Çalan zil kulaklarımda uğuldarken, resim hocasıyla ayrılmış sınıfa yöneldim. Sınıfın kapısı açılmamış, hocanın çıkmadığını düşündüm. Bir kaç dakikanın ardında, kapı açıldığında, hoca elinde ki dosyalarla çıkmış ve sınıfı büyük bir kaos ile bırakmıştı.

Sınıfa girdiğimde ilk görüş açıma Balın girmişti. Onun yanına gidip otururken, ellerim kalorifer peteğini buldu ve dayanarak ısınmaya çalıştım.

"Ne yaptınız?" Dediğinde, anlamamış sonradan düşen jeton beynimde ki bibloları itmişti.

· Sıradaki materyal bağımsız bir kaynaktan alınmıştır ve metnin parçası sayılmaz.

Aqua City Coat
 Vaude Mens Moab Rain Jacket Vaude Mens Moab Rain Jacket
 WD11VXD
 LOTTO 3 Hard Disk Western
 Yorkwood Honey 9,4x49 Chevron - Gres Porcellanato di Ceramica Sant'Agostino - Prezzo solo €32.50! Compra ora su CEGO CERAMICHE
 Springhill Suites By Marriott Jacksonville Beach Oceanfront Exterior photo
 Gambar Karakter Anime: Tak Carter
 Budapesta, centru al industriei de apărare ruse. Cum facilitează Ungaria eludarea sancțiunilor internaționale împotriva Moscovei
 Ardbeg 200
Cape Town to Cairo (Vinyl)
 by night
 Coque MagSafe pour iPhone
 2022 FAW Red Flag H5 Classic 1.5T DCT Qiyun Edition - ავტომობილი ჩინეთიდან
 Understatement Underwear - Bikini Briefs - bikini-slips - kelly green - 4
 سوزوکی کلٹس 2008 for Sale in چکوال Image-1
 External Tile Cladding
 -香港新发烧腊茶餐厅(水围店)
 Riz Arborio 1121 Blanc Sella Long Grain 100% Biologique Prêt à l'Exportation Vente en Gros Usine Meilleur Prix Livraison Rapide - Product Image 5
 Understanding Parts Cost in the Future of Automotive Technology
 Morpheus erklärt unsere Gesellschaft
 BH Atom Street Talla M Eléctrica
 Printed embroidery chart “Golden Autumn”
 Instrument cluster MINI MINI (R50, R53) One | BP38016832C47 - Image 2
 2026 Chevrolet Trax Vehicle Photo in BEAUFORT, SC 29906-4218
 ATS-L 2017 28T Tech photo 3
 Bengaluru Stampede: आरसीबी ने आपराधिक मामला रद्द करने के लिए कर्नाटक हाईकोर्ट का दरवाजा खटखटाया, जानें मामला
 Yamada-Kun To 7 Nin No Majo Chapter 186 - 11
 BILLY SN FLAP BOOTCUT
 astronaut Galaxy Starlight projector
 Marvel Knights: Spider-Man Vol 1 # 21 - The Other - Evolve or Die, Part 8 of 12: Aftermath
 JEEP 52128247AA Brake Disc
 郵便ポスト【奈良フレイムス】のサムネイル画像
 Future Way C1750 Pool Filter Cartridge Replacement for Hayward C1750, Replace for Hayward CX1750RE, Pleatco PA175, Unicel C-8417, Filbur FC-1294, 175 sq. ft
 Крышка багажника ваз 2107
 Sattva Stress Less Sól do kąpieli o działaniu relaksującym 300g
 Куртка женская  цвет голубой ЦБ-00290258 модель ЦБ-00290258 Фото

"Kantinden çay alıp içtik," dedim.

"Çay mı? Neden ki? Siz onunla ne zaman bu kadar samimi oldunuz?" Diye sorularını ardı ardına sıralarken, kaloriferde tuttuğum ellerim ısınmıştı.

"Öylesine," dedim belli etmemeye çalışırken.

"Onunla sadece çay içtiğine inanmıyorum. Hiç öyle bir tip değil ki." Dediğinde, düşüncelerinde ki analiz doğruydu fakat bunlara evet dersem işin işinden çıkamazdım.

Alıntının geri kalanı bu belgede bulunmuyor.